■ TASK TO CARRY OUT
An exact copy of the lines of the listing below between the "AI 漫短剧实干家开放麦：影伙引擎受邀探讨海外 AI 原生短剧市场" line and the "Long Quality Warranty" line, both included, is the whole answer; please omit the pictures.
***** GIVEN INFORMATION *****
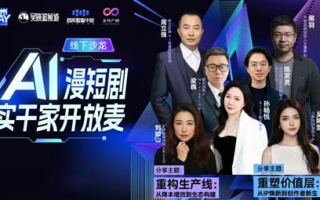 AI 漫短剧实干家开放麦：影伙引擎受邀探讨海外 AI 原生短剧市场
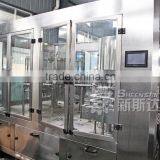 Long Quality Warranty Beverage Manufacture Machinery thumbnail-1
*****
***** GIVEN INFORMATION *****
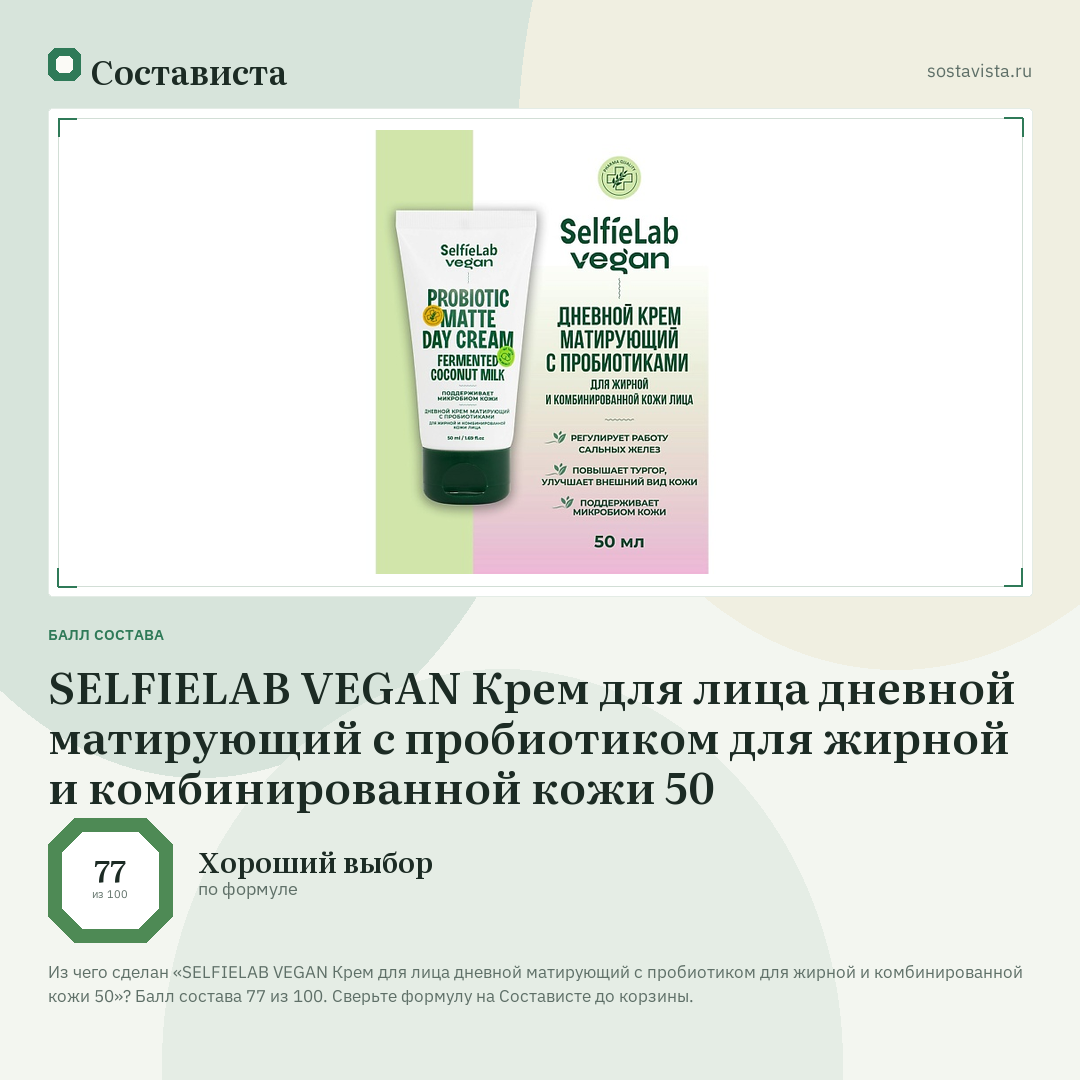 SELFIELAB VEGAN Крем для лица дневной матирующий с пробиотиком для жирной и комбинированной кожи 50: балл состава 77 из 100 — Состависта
*****
■ FINISHED TASK
 AI 漫短剧实干家开放麦：影伙引擎受邀探讨海外 AI 原生短剧市场
 Long Quality Warranty Beverage Manufacture Machinery thumbnail-1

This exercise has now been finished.